Monday, May 01, 2006

What? and, ew.

Many people have asked me since C got his appendix out: "Was it a planned surgery?" I got confused about how much planning they meant. We did, after all, plan to have the surgery after he got diagnosed that morning and then spent eleven hours sitting in a hallway. No, they clarify. "Had it been getting bad for a while?" Um, no. Appendectomies aren't really like that, to my knowledge. They're emergency-only, like an evolutionary Plan B. The first time someone asked me I was sure of that; after the fifth or sixth person asked me that, I started to question what I knew. I must thank Aramis again for setting me straight!

Nothing compares to this week's comment, though.
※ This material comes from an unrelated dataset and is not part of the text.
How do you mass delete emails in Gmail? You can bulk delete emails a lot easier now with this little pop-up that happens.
Someone who was a little late to the medical-news party heard about the bad appendix and asked, "How bad was it? Did you see it?" Um, no. And for anyone else who might be curious: we never did lay eyes on the rogue digestive organ. So we're kind of taking the surgeon's word that it's actually gone.
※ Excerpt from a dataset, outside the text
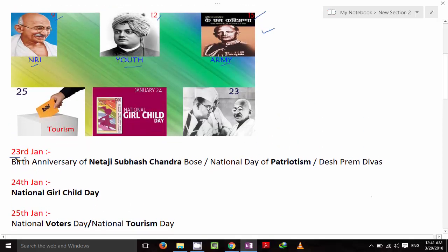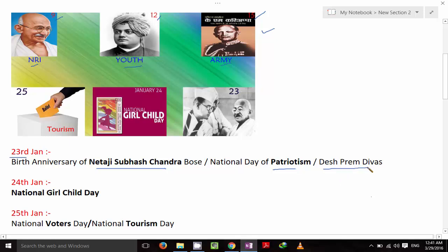23rd January is the birth anniversary of Netaji Subhash Chandra Bose. It is also called National Day of Patriotism, or Desh Prem Divas in Hindi.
In a similar vein (har), I had a conversation with the inside of someone's purse today, when I called her cell phone and it answered itself. I began shouting loudly at the person I was calling, because I could hear her saying something about laser eye surgery. I caught the phrases "dicing and cauterizing" and "right next to his contact lens". Then I paused, and she paused, and she said clearly enough as if she were talking to me: "So, how are YOUR eyeballs?" I get majorly squicked out by eyes. I said her name once more, to be sure that she hadn't picked up the phone to draw me into the conversation, and when I didn't get a reply my eyeballs and I hung up. We need neither dicing nor cauterizing, thankyouverymuch.

1 Comments:

Anonymous Anonymous said...

Uh oh. Now I'm afraid what we found out will disappoint you. Answer comes tomorrow...eek.